Pandemic fallout: Bengaluru musicians, DJs are taking to online platforms, but there is uncertainty in the air
Following the lockdown to combat the COVID-19 pandemic, industries across the board have seen their business dip and have suffered losses. The live music and the nightlife scene in Bengaluru is no exception.
While many musicians and DJs have moved to online platforms, such as Instagram and Facebook, as a way of staying connected to the audience even if it isn’t always monetised, there is a palpable sense of uncertainty about what the future holds.
For Thermal and a Quarter, who recently released their new album, A World Gone Mad, the prevailing situation meant that tours and performances to promote the album had to be cancelled. Frontman Bruce Lee Mani, who has been doing a series on Instagram called #Overlooked Licks, says, “We have done only two such live online events so far but they were solos with just me performing since we couldn’t get together as a band. But we have been working on new tunes and sending ideas up and down.

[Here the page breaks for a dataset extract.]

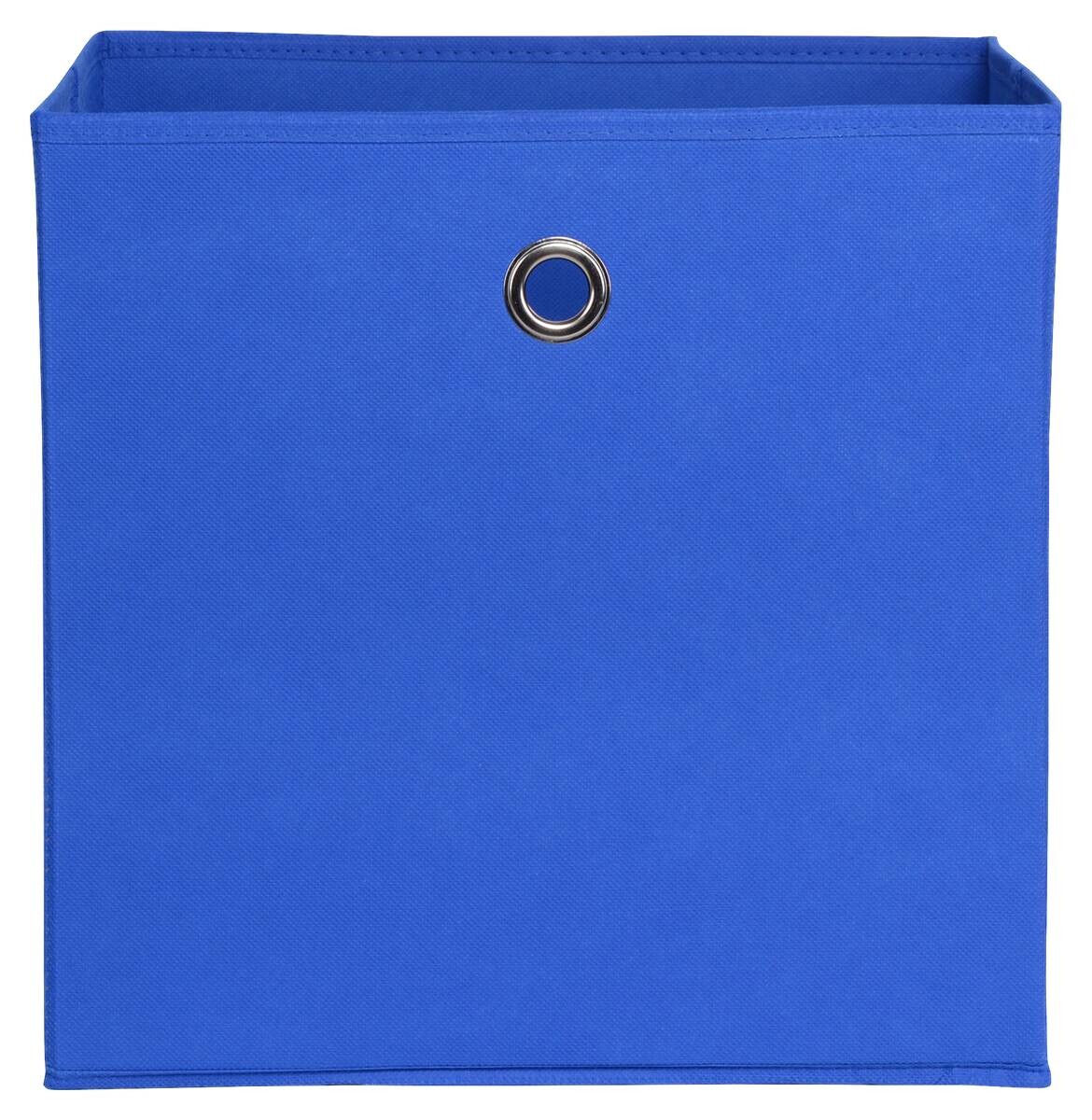 Stoffbox blau B/H/T: ca. 32x32x32 cm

That’s what is keeping us busy.”
Stating that this is a curveball that none of them had faced, Gaurav Basu, frontman of death metal band Inner Sanctum, says: “Live events are the bread and butter of the industry. They aren’t going to happen for some time now. So, most artistes are trying to cross over into that digital territory and trying to figure out how to monetise online performances. It is, however, difficult to make those investments to set up a studio, record, and upload. There may be technical issues as well that the audience faces. There, however, does seem to be an energy that is driving artistes so that is good for the time being.”
On the subject of monetisation, Radha Thomas, jazz vocalist and leader of the UNK: the Radha Thomas Ensemble, who has performed online for fundraising, says: “There is no money in doing lives on social media. I don’t know who is getting money, not me.”
Another point is that the experience is not the same for either the artiste or the audience during an online performance.
DJ and KJ Martin Dsouza, says: “It is obviously not the same because it is an experience that involves the artiste, ambience of the place, the food, and just having people around you. As artistes, we play to a crowd. We feel what the crowd is feeling and we play according to that. Now, the only way you can see how the crowd is reacting is through the comments. It is not easy.”
What the future holds
On the all-important question of what the future holds for the music and nightlife industry in the city, Basu, Dsouza and Mani are in agreement that it is too soon to say.
“I think it can swing both ways. Either people are so frustrated staying home that they will come out and party or they are so paranoid that they are not going to step out into a public space. None of us are sure about how it will work. People will probably organise parties in such a manner that the number of people is limited. So, from 500 or 600 people, it will probably be reduced to 100 or 200, depending on the size of the venue,” says Dsouza.
But how will social distancing be enforced in spaces where the enjoyment of the experience is synonymous with there being a large crowd dancing or headbanging together? This is in contrast to a performance by say, a singer-songwriter or jazz artiste where the possibility of people sitting down and maintaining distance is higher.
“In Germany, there was a party where circles were marked in the area and people were allowed to just be in their own circle. The DJ booth was at a distance and of course, people were wearing masks and there were hand santisers all around. So, that is one of the ways forward,” Dsouza says.
Adds Basu, “Because metal is a niche genre, the community vibe is a little more. People really want to come out to the shows and congregate with like-minded people. They will definitely miss that crucial aspect. But we can probably start with smaller venues or show a negative COVID-19 test to purchase a ticket. Invested bodies need to come together and pitch different ideas to the governing bodies and agencies on how things can be done.”
Noting that Thermal and a Quarter has been around for 24 years and consequently seen many ups and downs, including the restrictions on live music, Mani, is a bit more philosophical. “It is too early to say (what is going to happen); definitely for the next six months or so live gigs are out of the question. When there is so much up in the air and with the (state of the) economy, we are definitely going to see all kinds of changes, constrictions, and limitations on what people can and will do.”
“The entire industry is home to lakhs of jobs, both directly and indirectly. You can’t completely stop the industry. It is going to be difficult but we will all have to adapt,” says Dsouza.